Dental School Application Season Begins!

June 4th, 2012 | Posted by Elias Almaz in Advice | Dental School | Portfolio | Tips

APPLYING FOR THE 2014 AADSAS APPLICATION?

Good morning!!! Today is the most important day for every pre-dental student planning on attending dental school for the 2013-2014 school year! The 2012 AADSAS application season has begun! By now, you should have most of the application completed so that as soon as the application opens, you can fill all the application sections including your letters of recommendation, personal statement, and all your extracurricular activities! If you have not compiled your application contents, don’t fret! There is still plenty of time to turn everything in. However, keep in mind that dental school admissions are based on a rolling admissions system, in which fewer people are admitted as time passes by. In essence, it is easier to get in to dental schools if you apply right away rather than a few months in.

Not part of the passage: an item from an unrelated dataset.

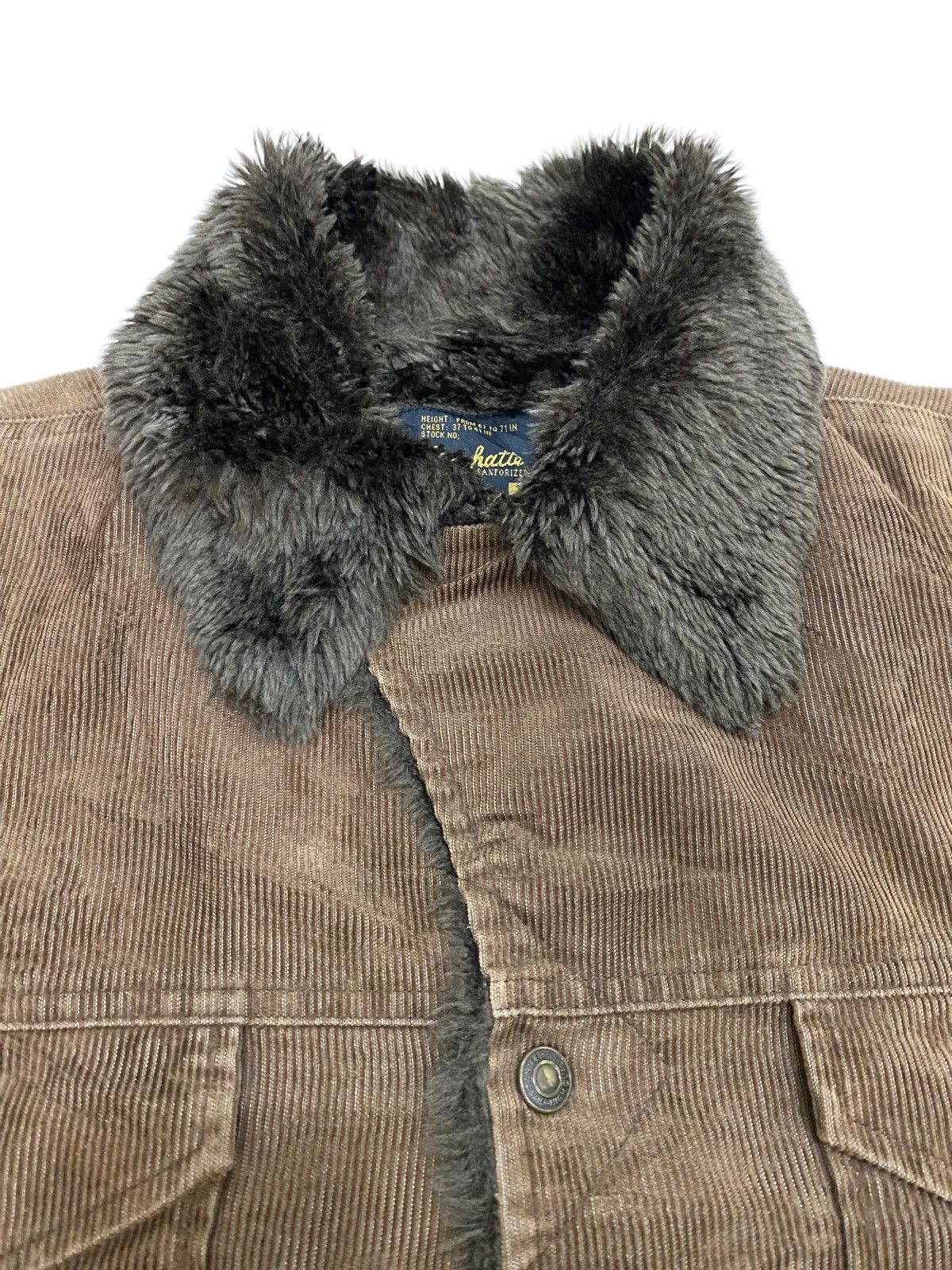 Vintage Union Made Roushatte Sanforized Sherpa Corduroy Jacket Size US L / EU 52-54 / 3 - 4 Thumbnail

Last week I had the privilege to attend a presentation by Stan Constantino, a Director of Admissions from the University of Pacific Arthur A. Dugoni School of Dentistry. Stan enlightened us on topics related to admissions. We also got the opportunity to get many of our questions answered regarding UoP and dental school admissions in general.  The following list was compiled based on answers given by Mr. Constantino which have been further expanded:

When is “early” when it comes to application season?

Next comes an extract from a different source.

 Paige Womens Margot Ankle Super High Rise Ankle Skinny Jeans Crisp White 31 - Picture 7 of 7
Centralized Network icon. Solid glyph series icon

Generally, if you apply before the end of the month of June, you are considered an early applicant. Applications within the first month are immediately processed but not reviewed by dental schools for roughly another month. As a result, submitting on the first day does not have a significant advantage over submitting than the end of June. However, the rule of thumb is that if you have all the sections ready, then you should submit it as soon as the application is available.

When should I have my DAT done by?

It is highly recommended that the DAT test is completed as early as possible. To still be considered a moderately-early applicant, you should have your DAT done no later than July. You can take your exam later than that, but your application will lose its early advantage it had when you initially submitted it. Applications missing sections are put on hold until the section is delivered. I have heard of people taking the DAT as late as October or November of their application cycle!

What DAT score should I aim for?

You should aim for as high as possible, however a good “safe” zone is anything above 20. This applies to virtually all dental schools. Stan Constantino mentioned that UoP, in particular, is least concerned with the Quantitative Reasoning section of the DAT. His rule of thumb is that if you score 17 or under on any section, then you should retake the test. Anything that low is not considered a competitive score.

Can I take the DAT over?

You can take the DAT once every 90 days. Your last attempt is the score that is reviewed by dental schools. Please be aware that any regression in score will override any higher scores previously earned. Only take the test if you are ready to take it again, do not do it just because you can!

How long does it take for dental schools to receive my application?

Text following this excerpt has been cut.